It’s Greener on the Other Side: Is Glass Better than Plastic?
We are often told that the big things tend to come from the little things – and environmental care-taking is no different.
For decades, the booming business of recycling is beginning to take centre-stage – and its players, namely yourself, have the wonderful task of remembering what needs to be propped into where. In recent years, companies have also been given the same lecture and some have taken action.
Today, it is quite common to see the traditional green arrows chasing one another on a carton, as corporations have taken to repackaging their items with biodegradable material. For some however, there are raised brows about whether or not plastic containers are safe for the environment.
Nobody likes something that can crack, shatter and make an unpleasant sound in one go, but for individuals such as the Guardian’s Lucy Siegle, the safer alternative to plastic is glass.
“I urge you to remain a glass purist,” she postulates, “While it’s hard to stem the rising tide of plastic packaging, plastic waste – from bottles to the tiny beads called mermaid’s tears – is wreaking havoc on oceans especially. Nothing against PET, the most widely used and recycled plastic… but glass wins for me.”
Plastic is a hard item to recycle, with material that is unable to be recycled.
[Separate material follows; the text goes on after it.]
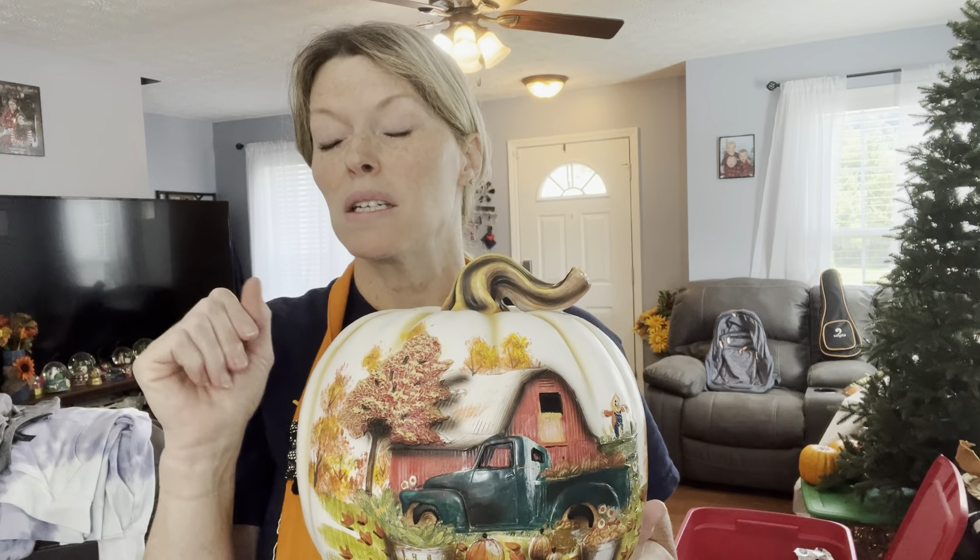I've got two of these - my husband bought me these last year at Hobby Lobby. I think they're so pretty. They will go on my big kitchen table when I get all my stuff off of it. Right now, they're going back over here. I'm just going to get everything straightened back up, and then when I get everything done, I'll show you a tour.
Furthermore, the creation, let alone the recycling of plastic requires the distribution and use of fossil fuels and water (mostly from cooling power plants) that in turn, pump more problems into the atmosphere.
Glass on the other hand, is a substance built predominantly from natural materials such as sand, limestone and soda ash. Despite its capacity to shatter (mostly from being butterfingered), the material has the capacity to keep everything fresh, whilst doing away with the oiliness that can be sometimes equated with plastic materials.
Overall, glass produces leagues less in carbon dioxide than plastic does – this should not close curtains on recycling materials, but instead, choosing what you can recycle in the first place.